14.     The single judge said when granting leave to appeal:

i.     "This is an extremely sad case.  It gave rise to an exceptionally
difficult sentencing exercise.  Although I have considerable sympathy for the
sentencing judge, it seems to me at least arguable that the term of 4 years 8
months was manifestly excessive.  Your age, and that of your wife; the length of
your marriage; the circumstances in which you came to strike her; and her
continuing upset at the prison term that you received, are all matters which, in
my view, should be argued before the full court."

15.     We agree with those comments of the single judge.

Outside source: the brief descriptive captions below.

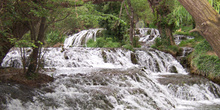 Cascada, Monasterio de Piedra, Nuévalos, Zaragoza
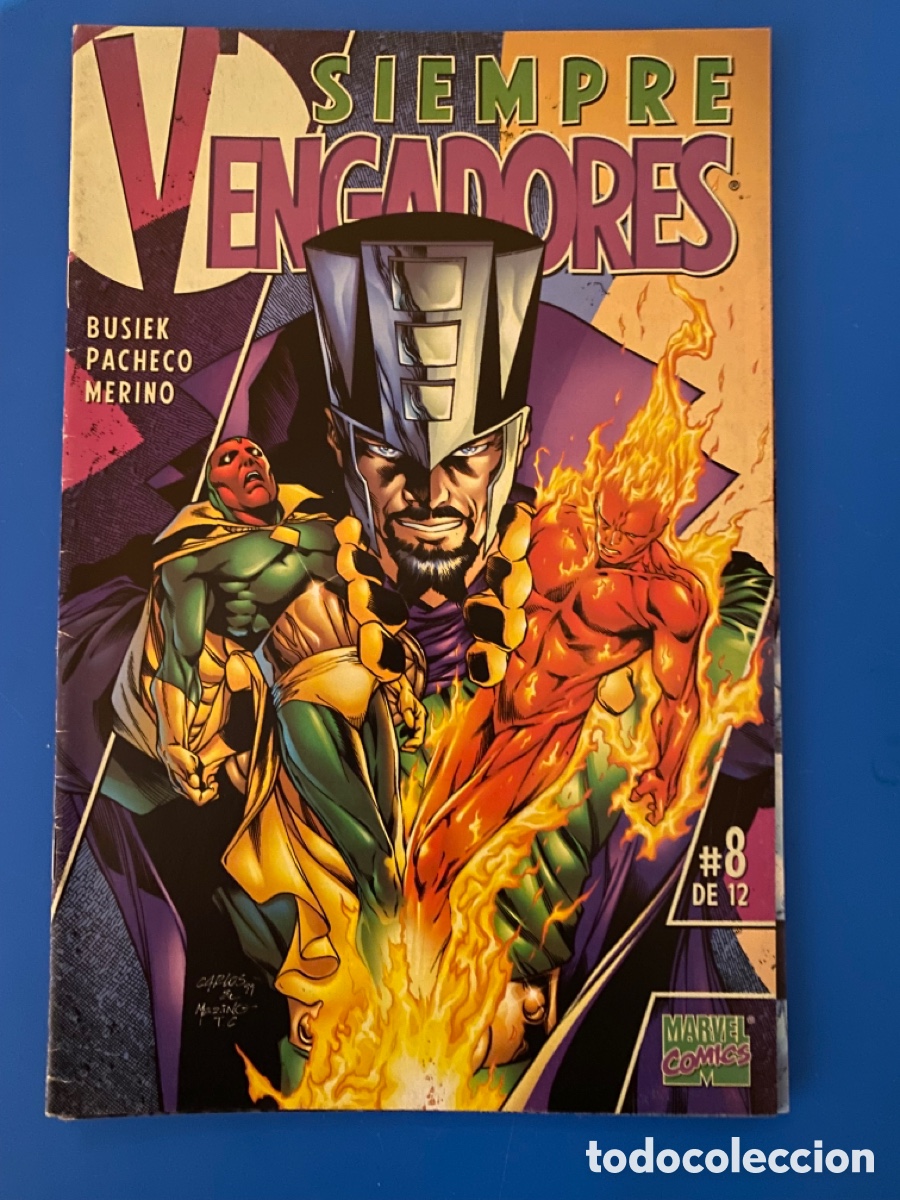 C&oacute;mics: Siempre Vengadores 8 - Foto 1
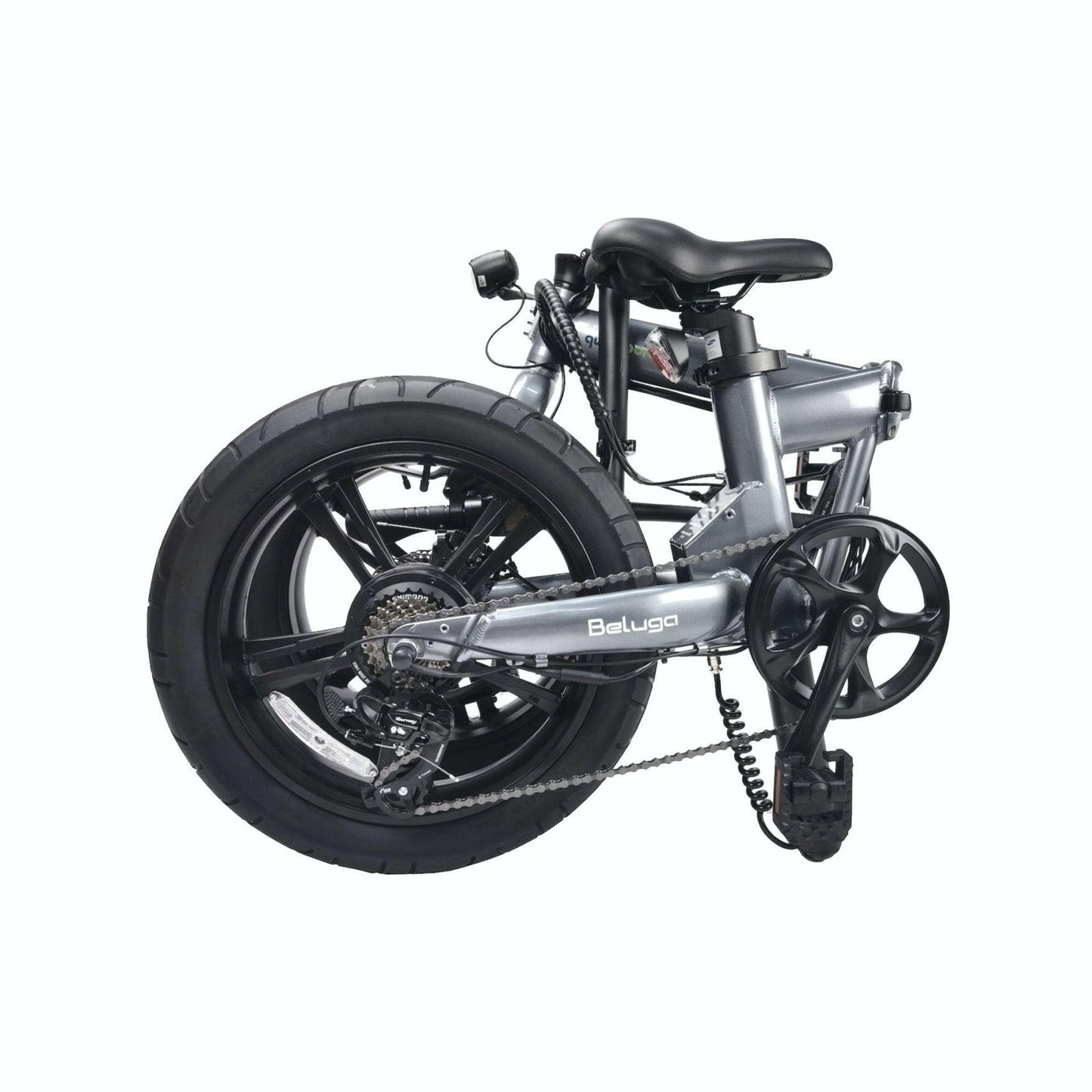QualiSports BELUGA - WU-QSEB04-BIKE-BLACK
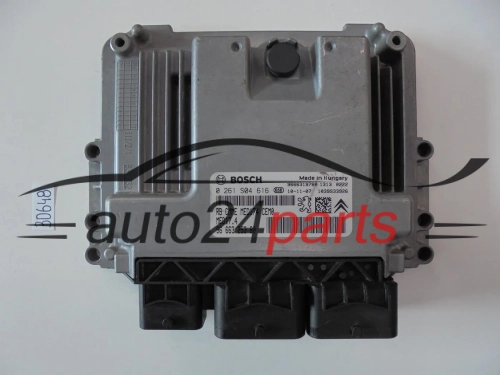 KOMPUTER STEROWNIK SILNIKA CITROEN PEUGEOT 0261S04616 9666325380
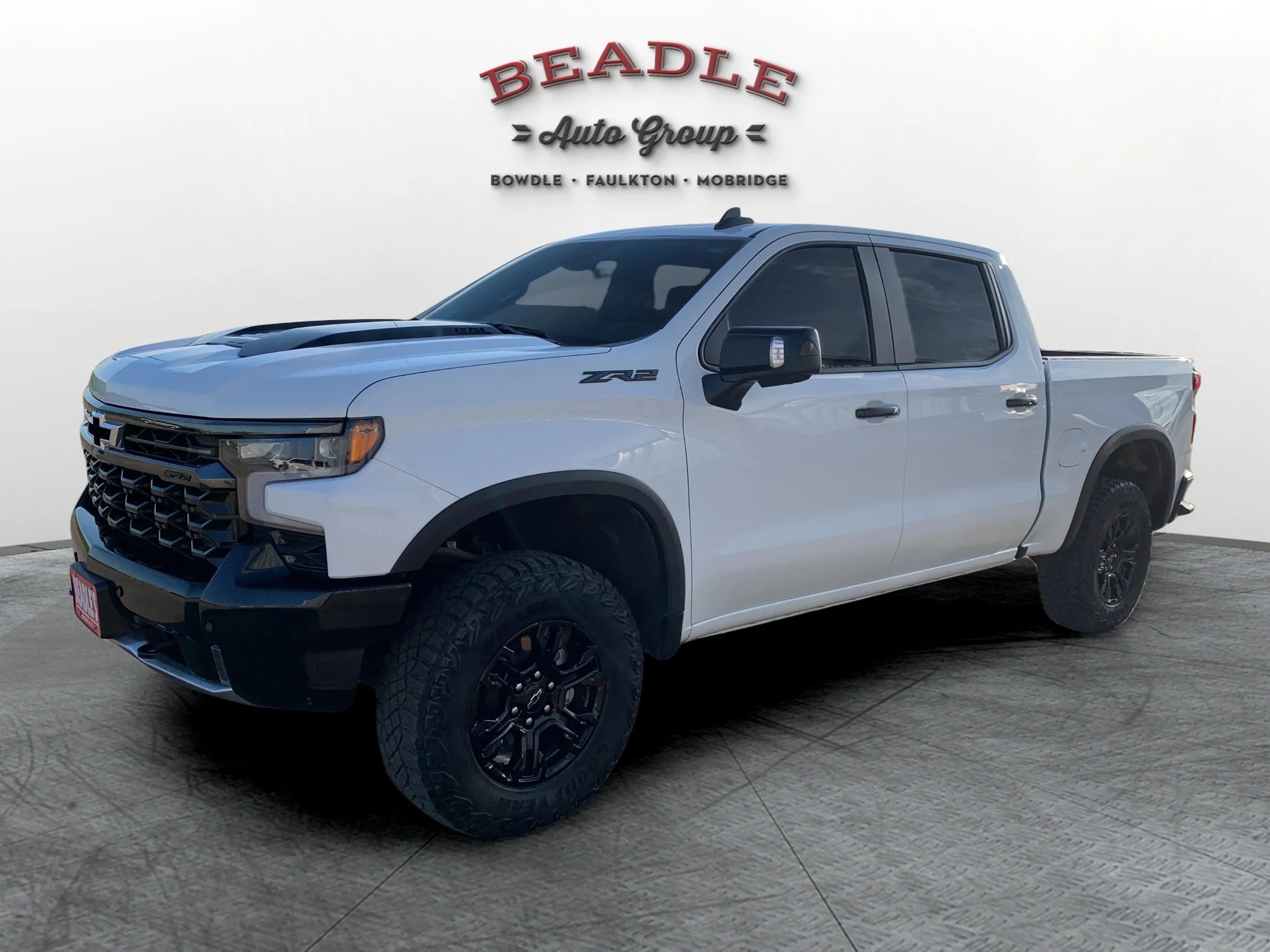 2025 Chevrolet Silverado 1500 ZR2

16.     Having considered all this material, it is clear to us that it is not in
the interests of justice or of the appellant or his wife or the public to apply
the sentencing guidelines, which could never have been intended to apply to such
an exceptional case as the present.  We too sympathise with the difficulties
faced by the sentencing judge in this exceptional case, but, having considered
carefully all the material that has been put before us and taking into account
the sentence that has already been served, we have come to the conclusion that
it is inappropriate for Mr Clark to remain in prison.  He should be released
subject to the probation order to which we have referred, which he understands.
We confidently expect that he and Mrs Clark will co‑operate with the local
mental health unit which is required as mentioned in the reports to which we
have referred and will co‑operate with the probation officer, who will receive a
copy of the sentencing remarks and of the medical evidence to which we have
referred.  We take account of all those facts.  Having taken those into account,
we make the order indicated at the beginning of this hearing.